2 Setup and estimators

2.1 Setup and assumptions

Suppose that we are interested in fitting a linear regression model,

y = β_{0} + x_{1}^{'} β_{1} + x_{2}^{'} β_{2} + z^{'} γ + u = w^{'} θ + u E (u ∣ w) = 0

where $x_{1} \in R^{d_{1}}, x_{2} \in R^{d_{2}}, z \in R^{d_{z}}$ , $w = (1, x_{1}^{'}, x_{2}^{'}, z^{'})$ , and $θ = {(β_{0}, β_{1}^{'}, β_{2}^{'}, γ^{'})}^{'}$ .

If we can observe all the variables in one sample, OLS is a consistent estimator for θ . However, in reality, we often encounter a situation where the variables are taken from two different samples. To be precise, we need more notation to distinguish between the two samples. The first sample is denoted by $S_{1} = {(y_{i}, x_{1 i}, z_{i})}_{i = 1}^{n}$ . The second sample is denoted by $S_{2} = {(x_{2 j}, z_{j})}_{j = 1}^{m}$ . For inference, we also denote d ₃ as the number of continuous common variables in z hereafter, which is not always equal to d_z .

Estimation theories in Hirukawa and Prokhorov (2018) are built on a set of assumptions that are required for identification, consistency, and asymptotic normality of their estimators. Some of them are quite common. For example, assumption 2 imposes compactness of the support of continuous common variables. In our empirical analysis in section 5, educ, feduc, and meduc are such variables, and it is natural to think of their support as compact. On the other hand, there are more subtle assumptions in Hirukawa and Prokhorov (2018) that may or may not hold in a given application.
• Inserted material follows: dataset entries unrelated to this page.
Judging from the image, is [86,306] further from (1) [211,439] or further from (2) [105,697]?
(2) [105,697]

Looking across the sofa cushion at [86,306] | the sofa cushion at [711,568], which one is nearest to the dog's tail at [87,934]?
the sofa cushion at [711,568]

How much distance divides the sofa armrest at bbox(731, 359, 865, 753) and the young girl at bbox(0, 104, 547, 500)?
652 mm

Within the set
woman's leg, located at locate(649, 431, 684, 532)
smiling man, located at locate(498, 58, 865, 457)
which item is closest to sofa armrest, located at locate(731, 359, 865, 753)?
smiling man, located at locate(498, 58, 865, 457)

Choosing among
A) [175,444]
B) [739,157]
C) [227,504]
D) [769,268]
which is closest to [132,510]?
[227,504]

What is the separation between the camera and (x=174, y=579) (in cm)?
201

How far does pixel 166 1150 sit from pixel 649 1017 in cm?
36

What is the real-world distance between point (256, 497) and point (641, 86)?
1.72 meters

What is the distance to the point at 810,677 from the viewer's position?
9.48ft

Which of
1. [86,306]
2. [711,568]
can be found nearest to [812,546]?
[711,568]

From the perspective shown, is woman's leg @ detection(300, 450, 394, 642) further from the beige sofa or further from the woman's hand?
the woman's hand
Examples include a common joint distribution for S ₁ and S ₂ (assumption 1), $E (η_{1} η_{2}^{'}) = 0$ and strict nonlinearity in g ₂ (·) [assumption 3(ii)], where η _ℓ := x _ℓ − g_ℓ (z) and g_ℓ (z) := E (x _ℓ| z) for ℓ = 1, 2. It is difficult to test the validity of these assumptions because x ₁ and x ₂ belong to two distinct samples.
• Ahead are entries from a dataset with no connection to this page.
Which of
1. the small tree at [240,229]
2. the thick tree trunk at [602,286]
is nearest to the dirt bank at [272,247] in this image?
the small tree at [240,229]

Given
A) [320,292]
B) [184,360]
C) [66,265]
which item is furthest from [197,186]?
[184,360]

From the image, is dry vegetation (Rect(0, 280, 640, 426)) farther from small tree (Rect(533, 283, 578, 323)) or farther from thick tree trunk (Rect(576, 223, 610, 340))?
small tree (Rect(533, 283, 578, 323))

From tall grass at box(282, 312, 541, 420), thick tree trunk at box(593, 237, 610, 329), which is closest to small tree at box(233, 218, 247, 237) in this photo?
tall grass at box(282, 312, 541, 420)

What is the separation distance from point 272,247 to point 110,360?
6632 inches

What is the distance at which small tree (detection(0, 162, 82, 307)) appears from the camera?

2.2 Nearest-neighbor matching

The matched sample can be constructed via the nearest-neighbor matching (NNM) using a vector of common variables z across two samples. Note that z must contain at least one continuous variable for valid inference; inclusion of discrete common variables with a finite number of support points (for example, binary variables) in z does not affect the asymptotic results that will be stated shortly.

To specify the NNM, we need to first define a matrix norm to measure the distance between two vectors. For a vector x and some symmetric and positive definite matrix A, the vector norm is defined as || x || _A = (x ^′ Ax)¹ ^/ ². Following Abadie and Imbens (2011), we use the Mahalanobis metric $A_{M} = {(1 / N) \sum_{i = 1}^{N} (z_{i} - \bar{z}) {(z_{i} - \bar{z})}^{'}}^{- 1}$ and the normalized Euclidean metric $A_{N E} = d i a g {(A_{M}^{- 1})}^{- 1}$ , where N = n + m and $\bar{z} = (1 / N) \sum_{i = 1}^{N} z_{i}$ .

Let j_k (i) be the index of the kth match in S ₂ to the unit i in S ₁; that is, for each i ∊ {1,…, n}, j_k (i) satisfies

\sum_{j = 1}^{m} 1 {|| z_{j} - z_{i} {||}_{A} \leq || z_{j_{k} (i)} - z_{i} {||}_{A}} = k

In other words, $z_{j_{k} (i)}$ is the kth nearest neighbor in S ₂ to the unit i in S ₁.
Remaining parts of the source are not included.